Myers v. Myers

506 P.2d 1336, 8 Wash. App. 475, 1973 Wash. App. LEXIS 1461
CourtCourt of Appeals of Washington
DecidedMarch 5, 1973
DocketNo. 1413-1
StatusPublished
Cited by1 cases

This text of 506 P.2d 1336 (Myers v. Myers) is published on Counsel Stack Legal Research, covering Court of Appeals of Washington primary law. Counsel Stack provides free access to over 12 million legal documents including statutes, case law, regulations, and constitutions.

Bluebook
Myers v. Myers, 506 P.2d 1336, 8 Wash. App. 475, 1973 Wash. App. LEXIS 1461 (Wash. Ct. App. 1973).

Opinion

Horowitz, J.

The question presented is whether, in the probate of a nonintervention will, a petition for an award in lieu of homestead filed under RCW 11.52.010 may be granted if filed subsequent to the closing of the estate and the filing of a certificate of completion under RCW 11.68.010. The court below held the petition and suit to be untimely filed and denied an award. The surviving widow appeals.
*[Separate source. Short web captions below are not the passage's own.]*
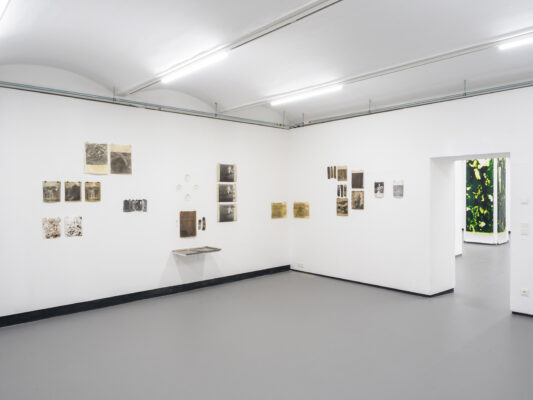 Die Grüne Kammer - Ausstellungsansicht Fotogalerie Wien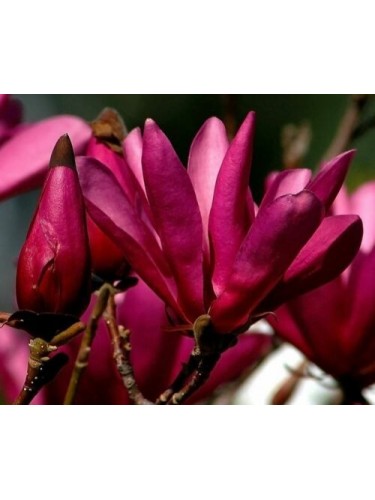 Magnolia giapponese...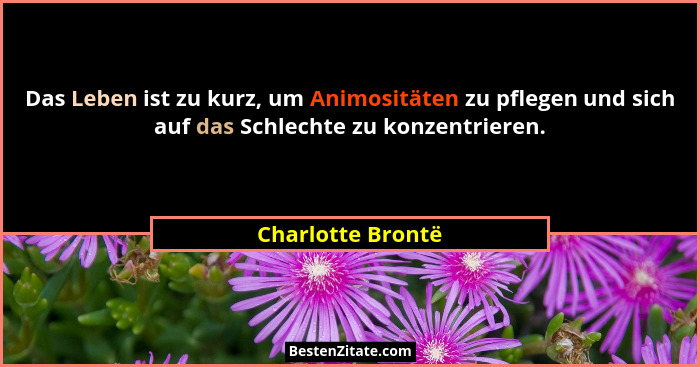Das Leben ist zu kurz, um Animositäten zu pflegen und sich auf das Schlechte zu konzentrieren.... - Charlotte Brontë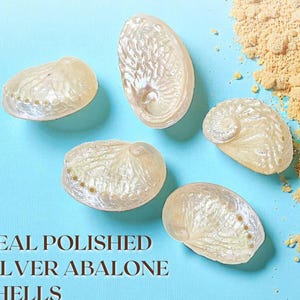 Polished Silver Abalone Shells – Set of 5 Real Sea Shells for Coastal Crafts, Beach Wedding Table Decor, Nautical Home Styling, Ocean Accent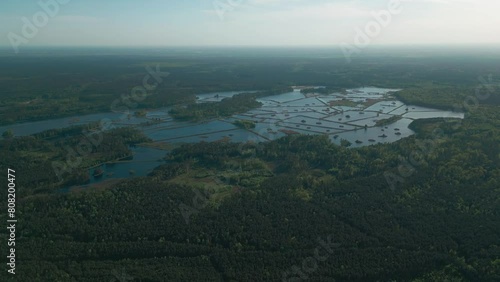 beautiful artificial lake in green forest, serene fishing pond and swamp, fishery and hunting industry, aerial top view, Osowek Poland 4k photo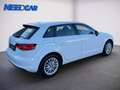 Audi A3 Sportback 1.6 TDI Ambiente Weiß - thumbnail 3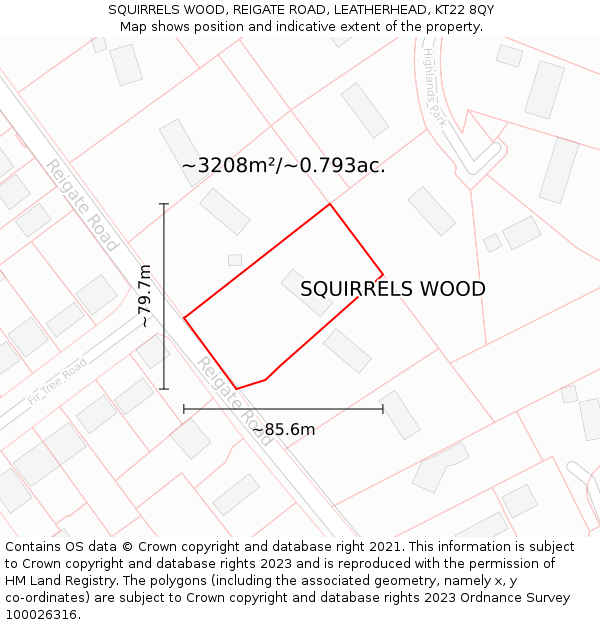 SQUIRRELS WOOD, REIGATE ROAD, LEATHERHEAD, KT22 8QY: Plot and title map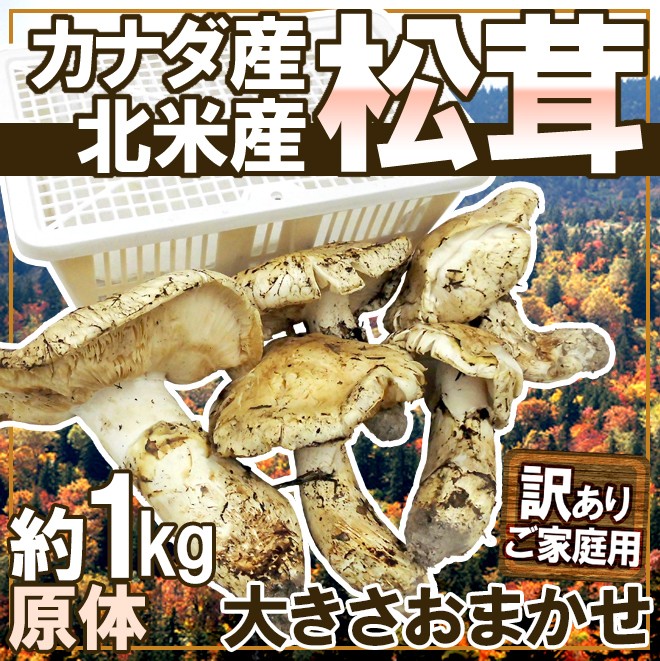 カナダ・北米産 ”松茸” 訳あり 約1kg 原体 大きさおまかせ【予約 9月中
William D. Myers died testate on December 7, 1968, leaving surviving the plaintiff, Lucille C. Myers, his widow, and the defendant, Jack D. Myers,, his son. Plaintiff is defendant’s stepmother. Decedent’s will named defendant as exec[476]*476utor and sole beneficiary. On December 18, 1968, the will was admitted to probate in King County cause No. E-197357, and an order was entered appointing defendant executor.

Notice of the appointment and of the pendency of the probate proceedings was inadvertently mailed to the widow at a wrong address. It is undisputed, however, that shortly after the admission of the will to probate, the executor’s attorney informed plaintiff “that the Will had been filed and that probate proceedings were pending.” The court found that plaintiff widow “knew said probate was pending in King County, Washington and that she was represented by her own counsel during the pendancy of said probate.”

An order of solvency was entered June 13, 1969. Defendant completed the probate proceedings and a certificate of completion of probate was filed on February 17,1970.

On October 20, 1970, plaintiff filed a petition for a $10,000 award in lieu of homestead in the closed King County probate cause No. E-197357. On the same date she filed the suit below to obtain such an award. In that suit she sought alternative forms of relief. She prayed that defendant be reappointed as executor and that she be permitted to file a petition for the award; alternatively, that she be appointed administratrix de bonis non with will annexed; that the declaration of completion be vacated and that she be allowed the $10,000 award from estate assets. Alternatively, she prayed for judgment in the sum of $10,000 against the defendant individually and as executor of the estate.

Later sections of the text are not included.